__What the task asks__. The listing below holds pictures; exclude them. Return exactly the lines from the one with "狠狠共情！满是伤感回忆的女生头像🥺 女生头像 第2张" through the one with "Tower Bridge Accommodation - 11".

%%

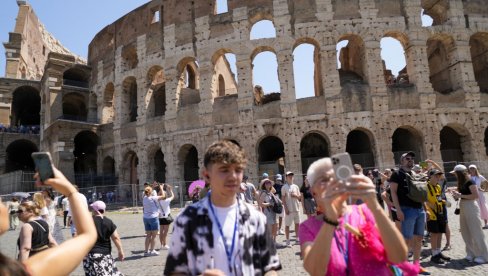 BESPLATNO U KOLOSEUMU U MAJU: Turisti pozvani da učestvuju u gladijatorskoj predstavi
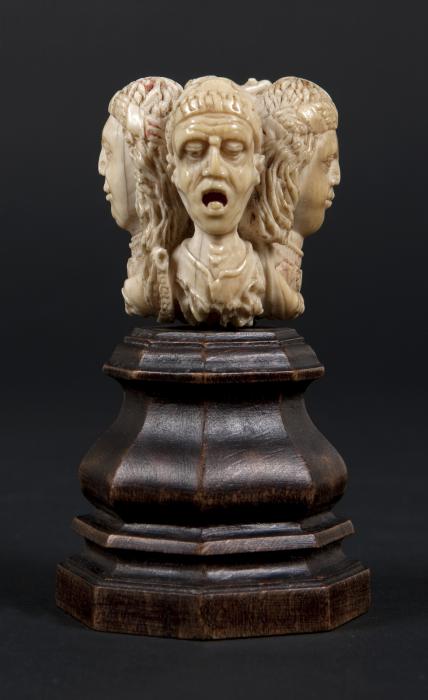 Rosary bead, 4 faces (chapelet) (Side 4)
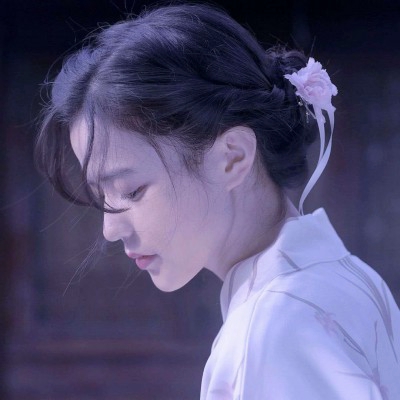 狠狠共情！满是伤感回忆的女生头像🥺 女生头像 第2张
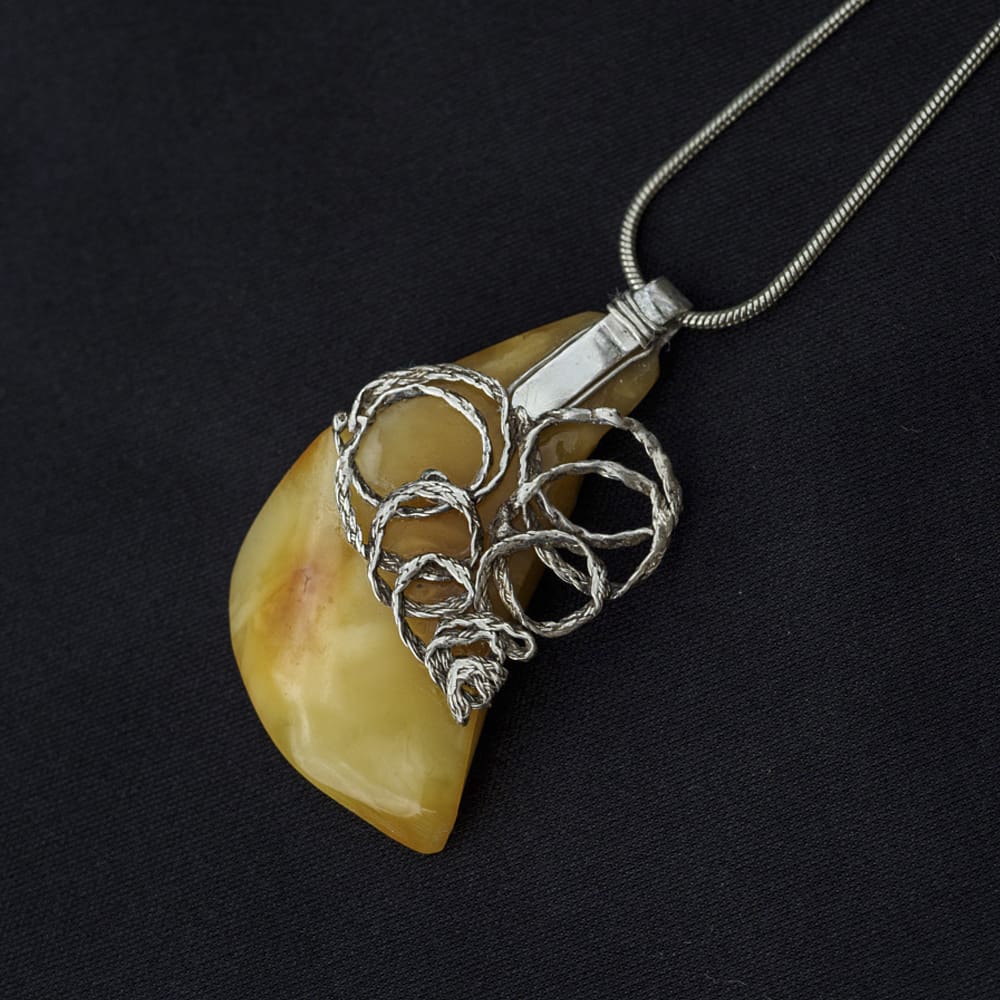 Silver Lace Amber pendant - Image 5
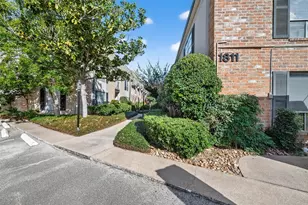 1811 Stoney Brook Dr, Houston, TX 77063 - Photo 25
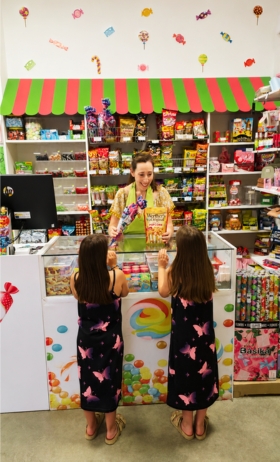 Trabajadora organizando productos de alimentación en La Despensa de Pepita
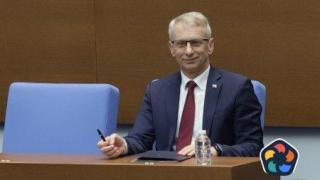 Парламентът обсъжда оставката на правителството в отсъствието на Борисов и Габриел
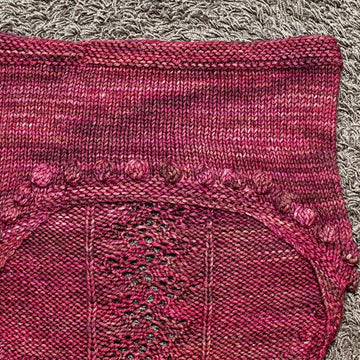 Hannah - Triangle Cowl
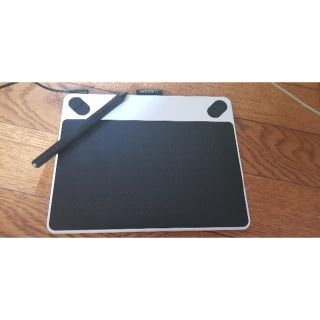 ワコム(Wacom)のワコム ペンタブレット Intuos Draw　CTL-490/W0(PC周辺機器)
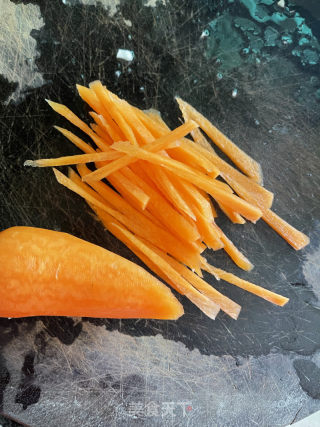 包菜炒鸡蛋的做法步调：2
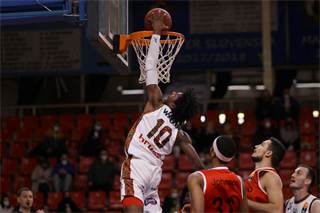 21. Kolo Niké SBL: BC Prievidza - BC Komárno 94:85 (foto: Ladislav Szibilla)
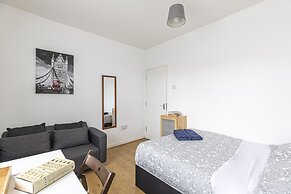 Tower Bridge Accommodation - 11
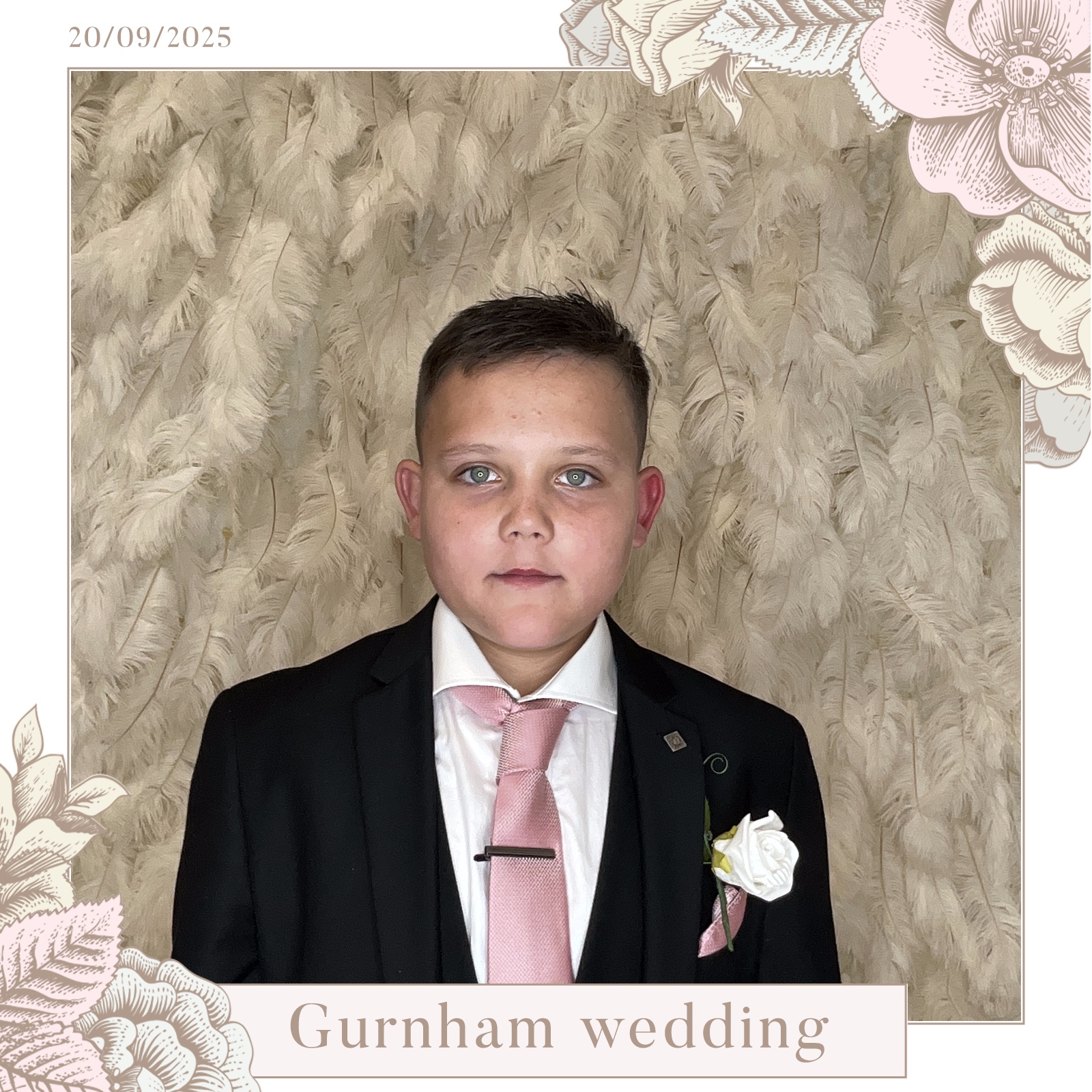 Stevie & Dale's photo booth images  | View more photos from the event at gallery.magicimages.uk/u/MagicImages/Stevie-Dales-photo-booth-images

%%

__Response to this task__.
 狠狠共情！满是伤感回忆的女生头像🥺 女生头像 第2张
 Silver Lace Amber pendant - Image 5
 1811 Stoney Brook Dr, Houston, TX 77063 - Photo 25
 Trabajadora organizando productos de alimentación en La Despensa de Pepita
 Парламентът обсъжда оставката на правителството в отсъствието на Борисов и Габриел
 Hannah - Triangle Cowl
 ワコム(Wacom)のワコム ペンタブレット Intuos Draw　CTL-490/W0(PC周辺機器)
 包菜炒鸡蛋的做法步调：2
 21. Kolo Niké SBL: BC Prievidza - BC Komárno 94:85 (foto: Ladislav Szibilla)
 Tower Bridge Accommodation - 11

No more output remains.